News | January 7, 1999

Seagull's Non-Strategic Properties Bring $52.5 Million

Seagull Energy Corporation announced today that it sold non-strategic oil and gas producing properties at the end of 1998 that brought it approximately $52.5 million in gross proceeds that were then used to reduce long-term debt. The properties were located onshore in several areas of the southwestern United States.

The sales, which included two negotiated sales and three auctions, involved the equivalent of approximately 60 bcf in proven natural gas reserves that produced about 20 million cf/d gas equivalent in 1998. In addition selling these non-strategic producing oil and gas properties, Seagull also sold a small gas gathering pipeline and processing facility for $4 million, and hopes to complete the sale of all remaining gathering and pipeline products assets early this year.

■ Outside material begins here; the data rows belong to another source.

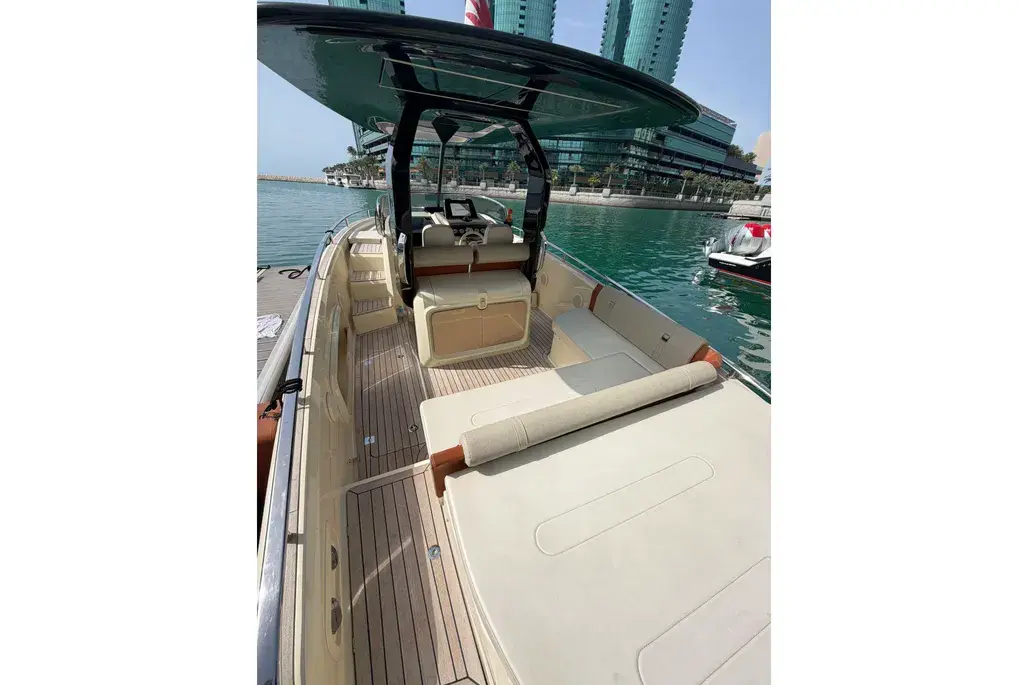 2025 Invictus GT280 | 29ft Luxury Cruiser | Volvo Penta V8 350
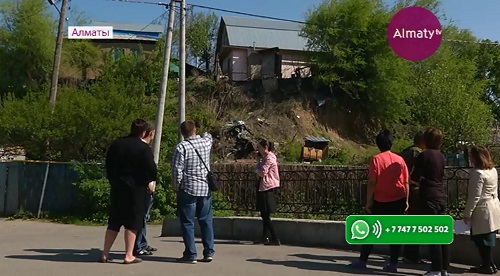 Жители Медеуского района Алматы боятся, что из-за дождей разрушатся их дома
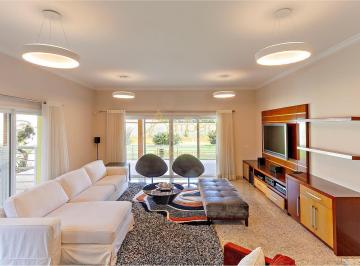 Casa · 376m² · 3 Quartos · 3 Vagas · EXCELENTE SOBRADO NO BOLSÃO DE INTERLAGOS- 3 SUÍTES, LIVING, COPA COZINHA , BELÍSSIMO JARDIM.!!!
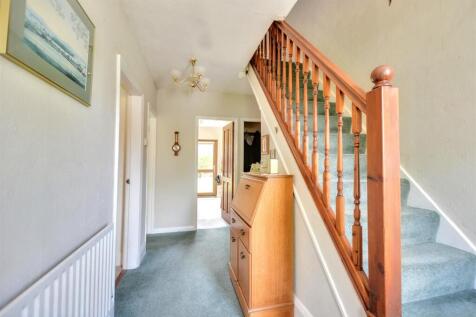 Entrance Hall_1.jpeg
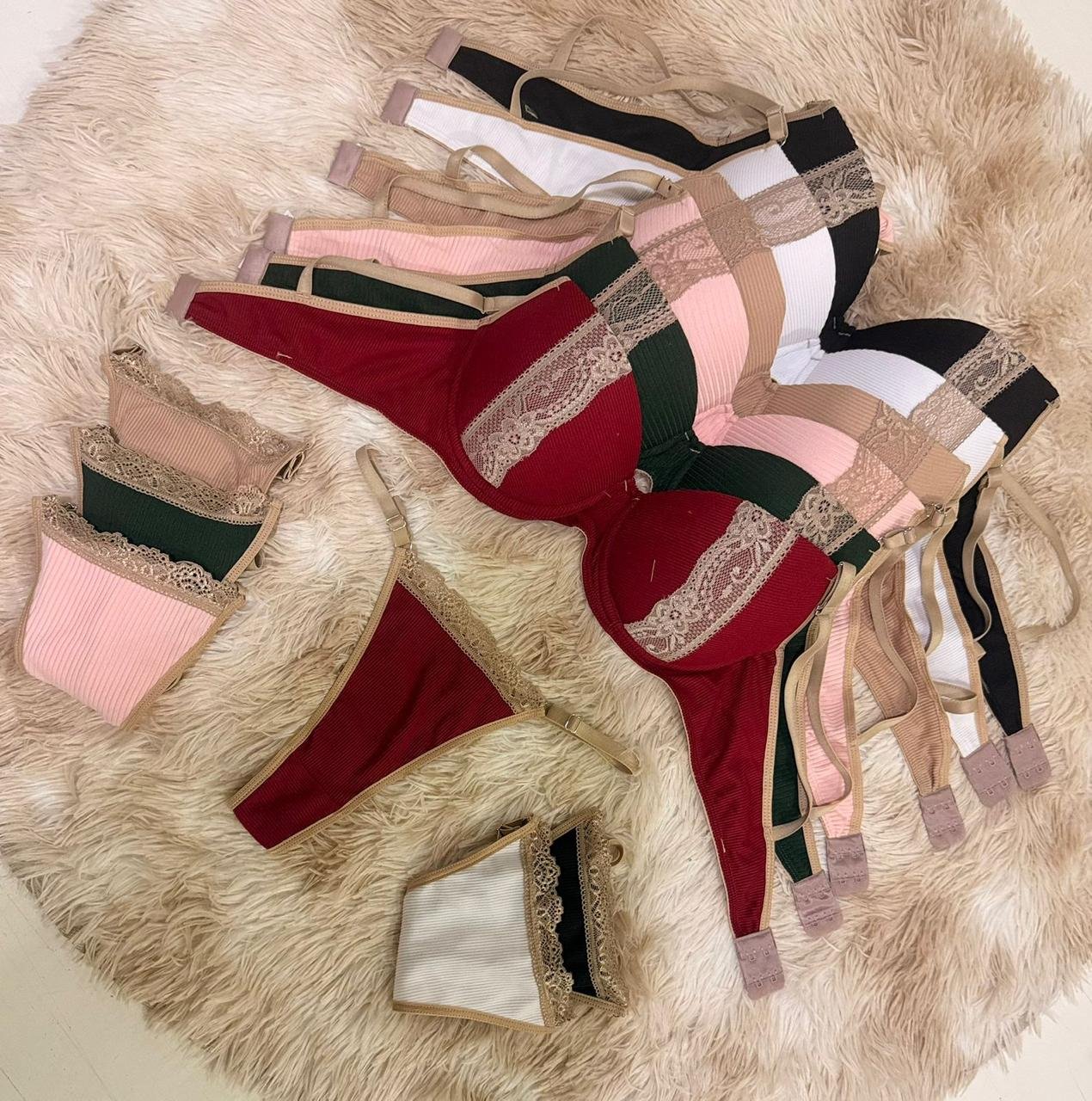 Conjunto tasa soft de Morley  con puntilla ancho , colaless regulable.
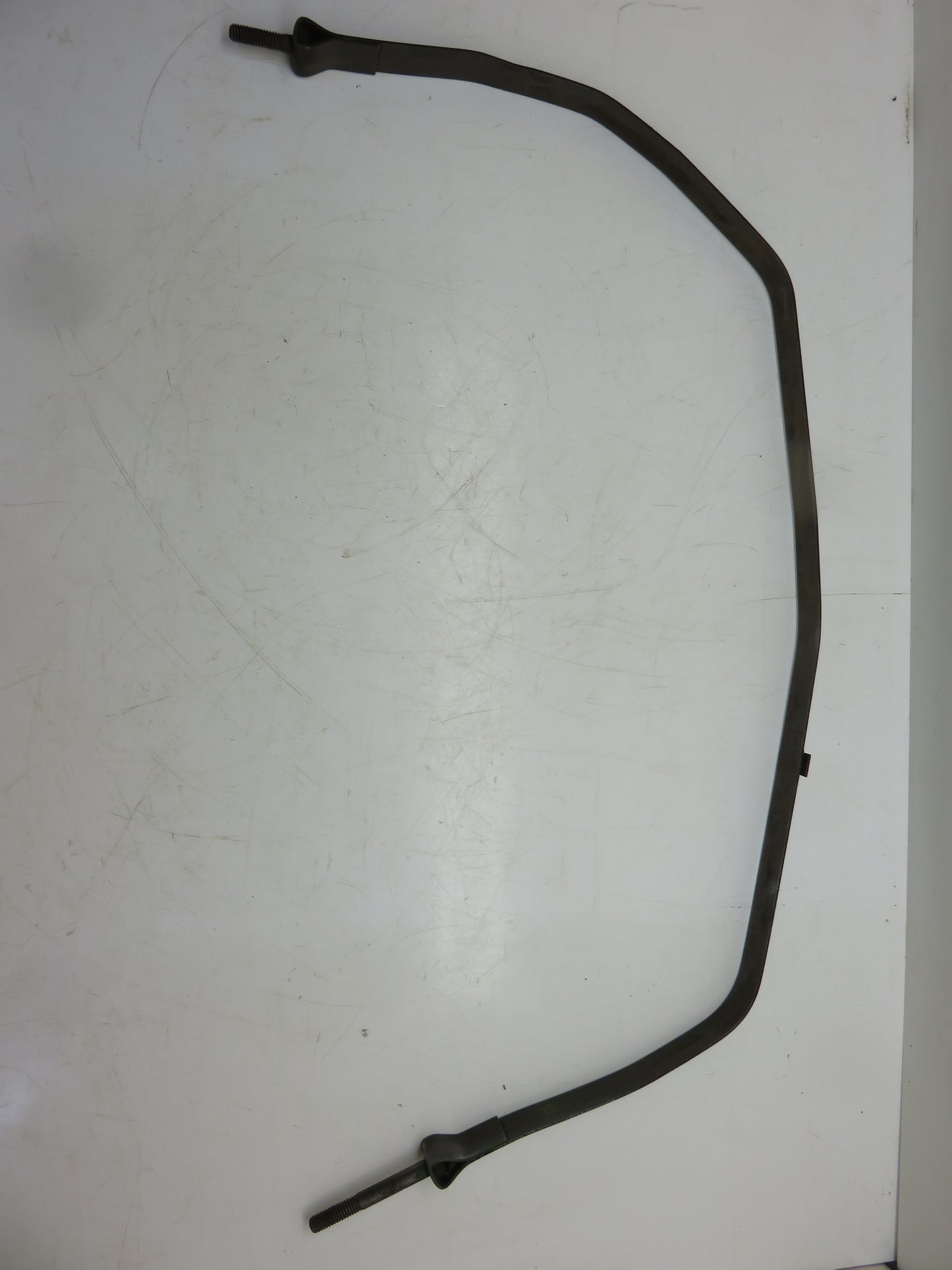 AR1111R John Deere Fuel Tank Strap For 80, 820, 830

James T. Hackett, Seagull's Chairman, President and Chief Executive Officer, said that the sales were to "…streamline operations and focus more attention on our core operations in today's environment of low commodity prices." He added that these sell-offs were only the beginning of a continuing process of rationalizing non-strategic assets, both in the immediate future and after the pending merger with Ocean Energy, Inc., scheduled to be concluded this quarter.

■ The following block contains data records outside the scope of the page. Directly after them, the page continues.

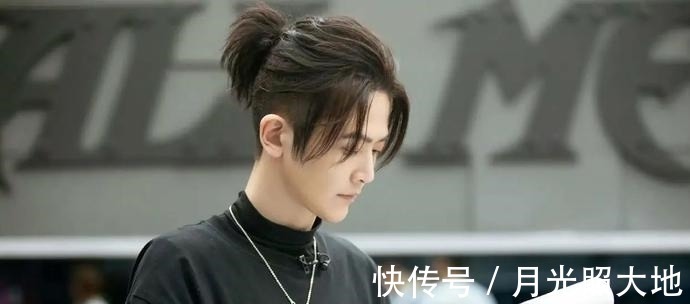 strong|《哥哥》喜爱度排名:赵文卓第22,陈小春第三,第一名断崖式领先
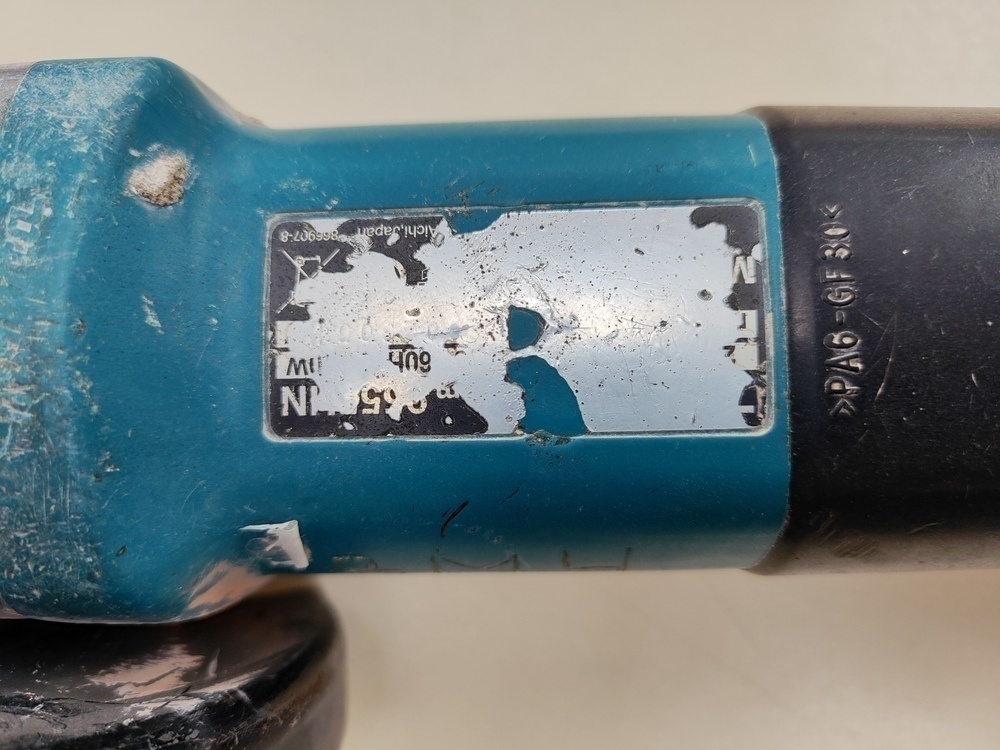 Угловая шлифмашина Makita 9555 NH
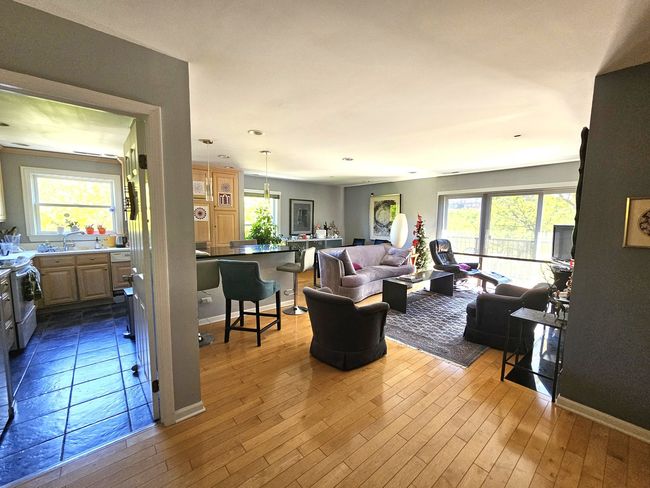 APT-4B - 1730 Hinman Ave, Condo with 2 bedrooms, 2 bathrooms and 2 parking in Evanston IL | Image 4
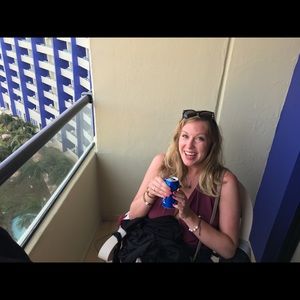 Meet your Posher, Lauren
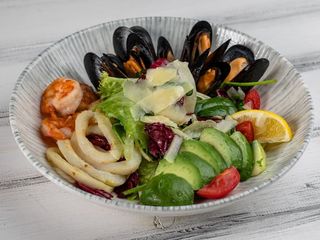 Теплий салат із морепродуктами (290/25g)
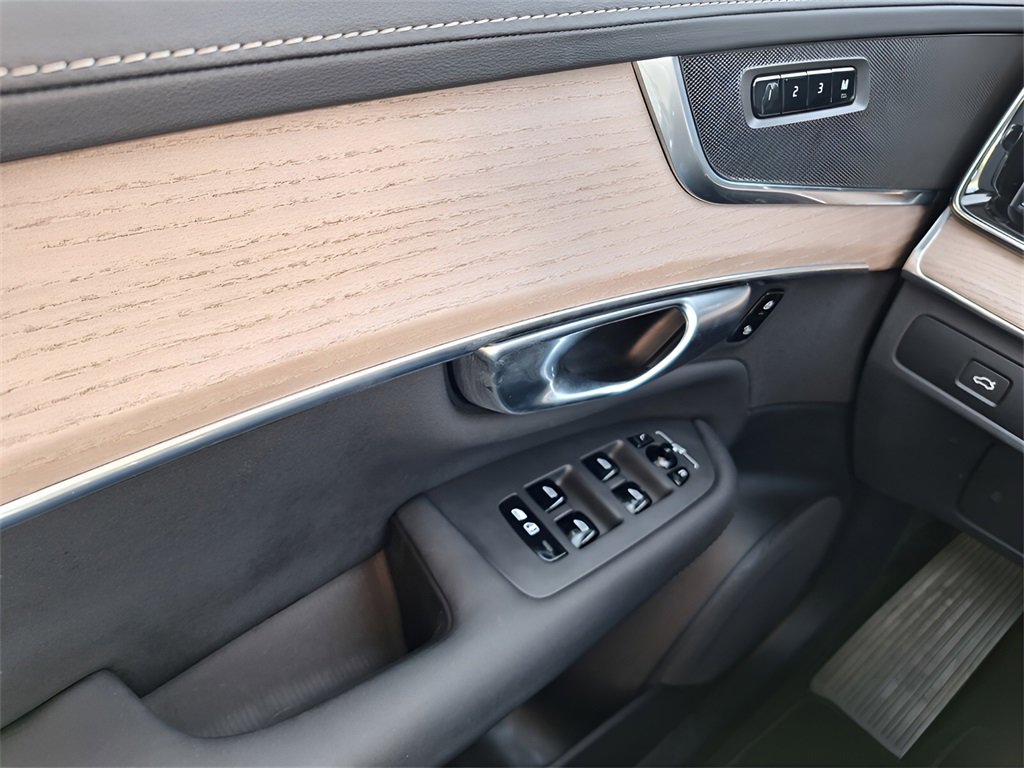 Used 2025 Volvo XC90 B6 Plus image 19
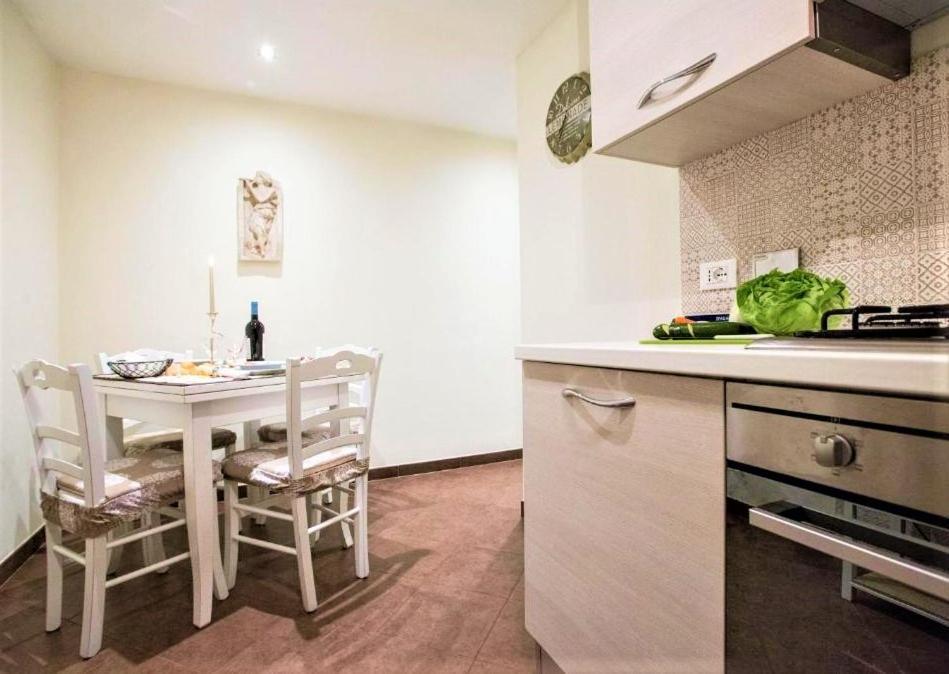 Charming Suite Cavour Heart Of Florens Exteriör bild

Hackett said that $100-200 million in asset dispositions during 1999 and 2000 are being contemplated following completion of the merger. Sales of less efficient high cost properties are expected to result in operating efficiencies over and above the $45 million in general and administrative cost reductions the companies expect to realize in their first year as a new entity.

Seagull, based in Houston, is an international oil and gas company engaged in exploration and production in the United States, Cote d'Ivoire, Egypt, Indonesia, and Russian Tatarstan. It also transports and distributes natural gas in the Anchorage, Alaska area.